Another bonus of such a group—CLEAR, policymakers, and evaluation managers have at their fingertips a niche of young, qualified experts that can be easily mobilized. According to Ian Hopwood, the group’s senior advisor from SenEval, “Strengthening national evaluation capacities in a sustainable manner requires the development of a cohort of well-trained and motivated young professionals, who can grow and mature into the next generation of credible and respected evaluation leadership.”
Group Activities and Accomplishments
The group is excited about current and future projects, which include:
- Proposals for Canadian Evaluation Society 2015 National Conference. The group is working on four papers, which cover the role of M&E for improving child protection services, the challenge of professionalizing evaluation in Francophone Africa, and using evaluation to examine youth employment and participation in development policies.
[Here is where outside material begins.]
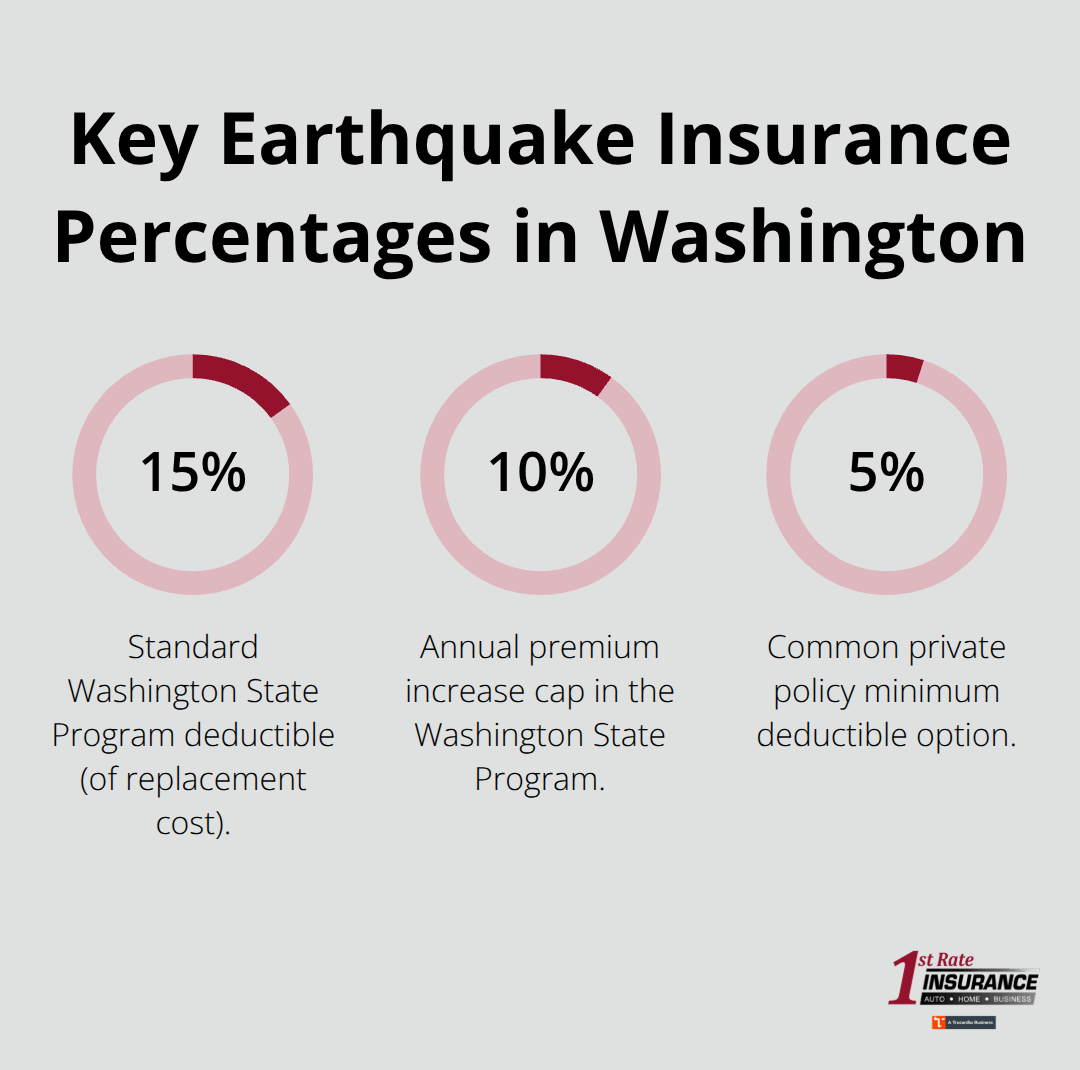Percentages for deductibles and premium caps relevant to Redmond homeowners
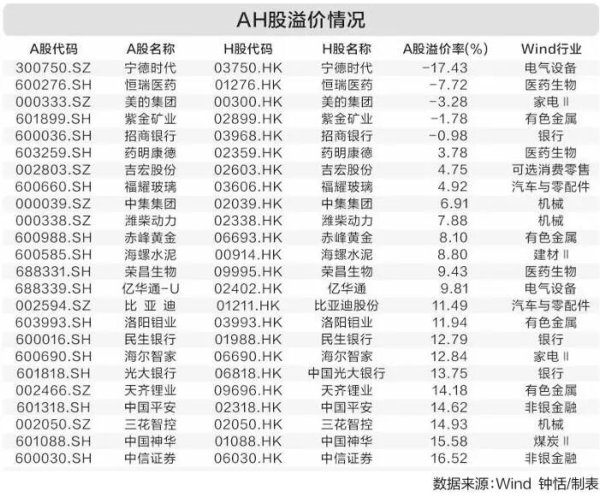 聚财略 A股公司赴港IPO火了 上市方式又现创新！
The papers fit with a conference panel on the voice of young African evaluators.
- Mentoring Program. In an early phase at SenEval, this project aims for established, senior evaluators to mentor up-and-coming evaluators through a transfer of knowledge and skills.
- Leadership in SenEval. The group wanted to have a strategic position on the SenEval Executive Board and just had two candidates voted in at the SenEval General Assembly. “We felt that young people needed a voice there, to get involved and rise up to the challenge—being allowed to lead where there is an opportunity,” says group member Ousséni Kinda.
In 2015, CLEAR Francophone Africa aims to become more involved to help fulfill the group’s potential. As coordinator of the CLEAR center, Boubacar Aw says, “The initiative has gathered a favorable response and strong interest from the international community of practice. The center’s ambition is to continue to encourage youth to join networks and promote research and innovation in evaluation.”
Pictured in photo from left to right: Safyatou Diallo, Senegalese Evaluation Association (SenEval); Ya Cor Ndione, Initiative Prospective Agricole et Rural (IPAR); Ousséni Kinda, Save the Children; Aminata Balde, Centre for Policy Studies for Development (CEPOD); Jérôme Gandin, visitor with the group who leads the emerging evaluators section of the Quebec Society for Program Evaluation (SQEP); Amos Menard, CLEAR-Centre Africain d'Etudes Superieures en Gestion (CESAG); Adele Dione, Senegalese Evaluation Association (SenEval); Aminata Diop, Food and Agriculture Organization (FAO); Safyatou Kane, US Agency for International Development (USAID).